A Capstone Course in Ecuador: The Andes/Galápagos Volcanology Field Camp Program

Academic journal article Journal of Geoscience Education

A Capstone Course in Ecuador: The Andes/Galápagos Volcanology Field Camp Program

Article excerpt

INTRODUCTION

Geology has always been rooted in the field. For this reason, teaching in the field has been shown to be a particularly effective means of training geologists (Douglas et al., 2009). This is true in an academic sense, but it is also recognized by industry professionals as an important training experience (Anderson and Miskimins, 2006; Puckette and Suneson, 2009). While the practice of taking students into the field might have been camping and exploring in the early days, pedagogical practices have become creative and robust (De Paor and Whitmeyer, 2009) with an emphasis on learning and assessment (e.g., Pyle, 2009). As technology has developed for both data collection in the field and building maps in the office, educators have brought these innovations along into field courses (Vance et al., 2009; Whitmeyer et al., 2009a). Field-based exploration and activities have proven to be strong tools for training both geoscience researchers (de Wet et al., 2009; May et al., 2009) and future geoscience educators (Thomson et al., 2006; Bishop et al., 2009).
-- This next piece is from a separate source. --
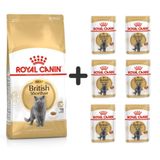 Royal Canin British Shorthair Yetişkin Kedi Maması 4 kg + 6 Adet Yaş Mama 3182550756440-6PT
In the spirit of sharing one's expertise with students, educators have developed remarkable learning experiences in international settings, often in places they have studied (Aitchison and Ali, 2007). Others have shared their expertise through discipline-specific exercises (McKay and Kammer, 1999; Bauer et al., 2009; May et al., 2009) and entire programs (Anderson and Miskimins, 2006). Through the 1980s and 1990s, a trend developed in the decline of the number of geology programs in the U.S. offering a field camp (Whitmeyer et al., 2009b). However, many of these programs, as well as smaller programs that never had their own field camp, still require their students to complete a field geology course in order to earn a degree. Therefore, many of the larger field camp programs regularly have numerous students from universities other than their own. Additionally, some field camps host visiting students as the majority, or up to the entire roster (Uzunlar, 2012).

COURSE DEVELOPMENT

In order to provide an option for the many students across the country that are looking for a field camp, to provide a volcanology-based field geology course, and to provide students with experience working in a classic locality, we developed the Andes/Galapagos Volcanology Field Camp (GVFC). This course teaches the fundamentals of working in volcanic terrains in the classic settings of continental arc deposits in the Andes and hotspot basalts in the Galapagos Islands. Herein, we discuss the development and implementation of the GVFC. This course was developed to provide a unique combination of an international educational experience, a course that offers the traditional skills of field geology, and an opportunity for students to get experience studying volcanic rocks in the field. While there are many field camp choices for students, there are few that provide the experience in the context of volcanic rocks. We decided to take advantage of the classic volcanic settings in the Ecuadorian Andes and the Galapagos Islands to provide this experience for students. In addition to the wealth of outcrops that illustrate volcanic processes, another advantage to holding the program in active volcanic settings is the ability to include a component of volcano monitoring, which we have done through collaboration with the Instituto Geofísico de la Escuela Politécnica Nacional (IGEPN).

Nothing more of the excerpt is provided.